Ilustración: 'Café literario' por Javier Avi
―Antes de empezar, para que no perdáis el tiempo, me
acabo de leer el audiolibro de El rey
recibe de Mendoza y me ha decepcionado bastante.
―José, por el amor de dios, los audiolibros no se leen,
se escuchan. Se escuchan, José.
―No sé, Marga, el concepto es el mismo.
―No puede ser el mismo, hijo de mis amores, cuando no se
realiza el ejercicio de leer. Leer es leer y escuchar es escuchar. Es muy
simple, lo dice la RAE.
Rebobinemos. A las 18:10 de la tarde del domingo pasado,
los 5 miembros del club de lectura ‘El mal de Cósimo’ se sentaron en la mesa
del fondo de una moderna cafetería en el centro de Malasaña. Pidieron tres
cafés y dos tés y Elvira, además, quiso probar la tarta de zanahoria que
terminaría compartiendo con Ángela, como siempre. Tras 20 minutos diciendo lo
ocupadísimos que estaban todos con sus respectivas vidas, y lo mucho que se
habían echado de menos, comenzó la tertulia literaria, no sin antes lanzar
algunas recomendaciones:
―Antes de empezar, para que no perdáis el tiempo, me
acabo de leer el audiolibro de El rey recibe de Mendoza y me ha decepcionado bastante.

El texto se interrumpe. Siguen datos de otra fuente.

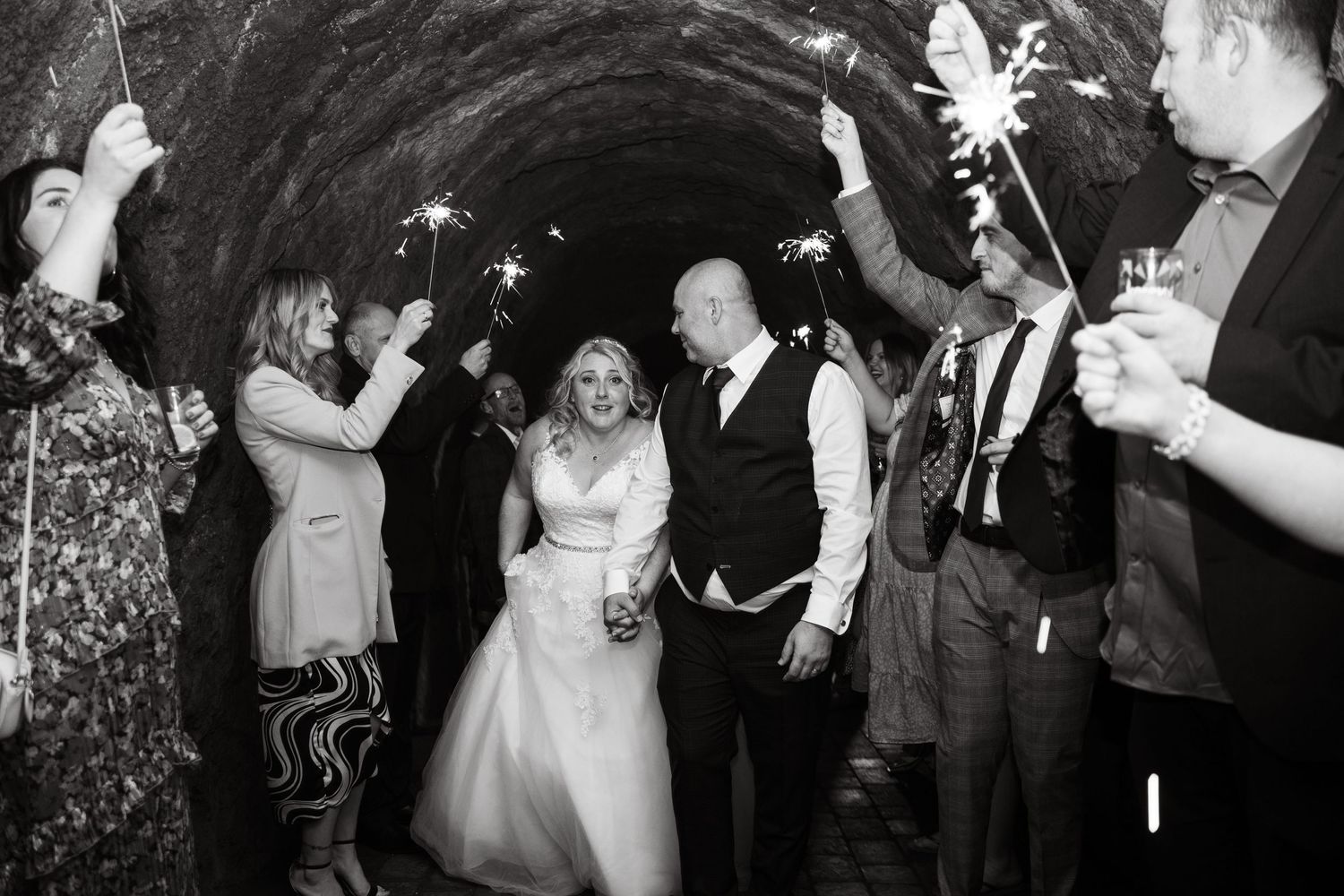 Bride and groom walk through a stone tunnel in black and white as wedding guests on both sides hold lit sparklers.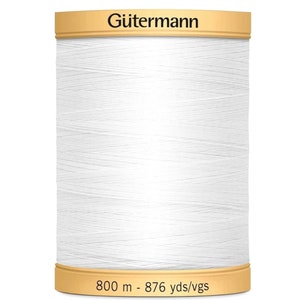 May include: A spool of white sewing thread by G&uuml;termann. The top label displays the brand name G&uuml;termann in black text. The bottom label indicates a length of 800 m - 876 yds/vgs. The thread is wound tightly around the cylindrical spool core.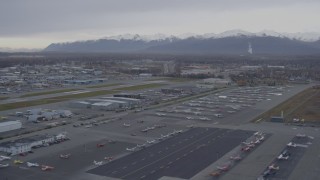 AK0001_0157 - 4K aerial stock footage flying low over Merrill Field runways, parked planes, Anchorage, Alaska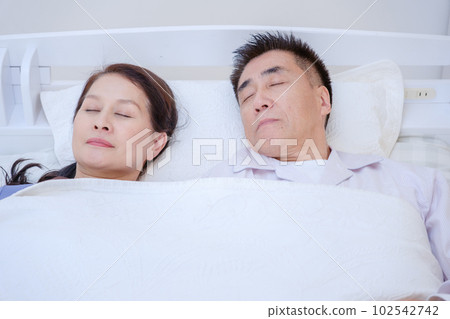 senior couple sleeping in bed 102542742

―José, por el amor de dios, los audiolibros no se leen,
se escuchan. Se escuchan, José.
―No sé, Marga, el concepto es el mismo.
―No puede ser el mismo, hijo de mis amores, cuando no se
realiza el ejercicio de leer. Leer es leer y escuchar es escuchar. Es muy
simple, lo dice la RAE.
Él, José. 34 años.
Dependiente de una librería madrileña, en la que los visten a todos con
chalecos verdes. Licenciado en Historia del Arte y terminando su tesis
doctoral: “Traslación de la pintura a la literatura en la Europa de los siglos
XII al XIV”. Ella, Marga. 38 años. En paro. Graduada en Magisterio. Obtuvo un
9,5 en su TFG, lo dice siempre que puede.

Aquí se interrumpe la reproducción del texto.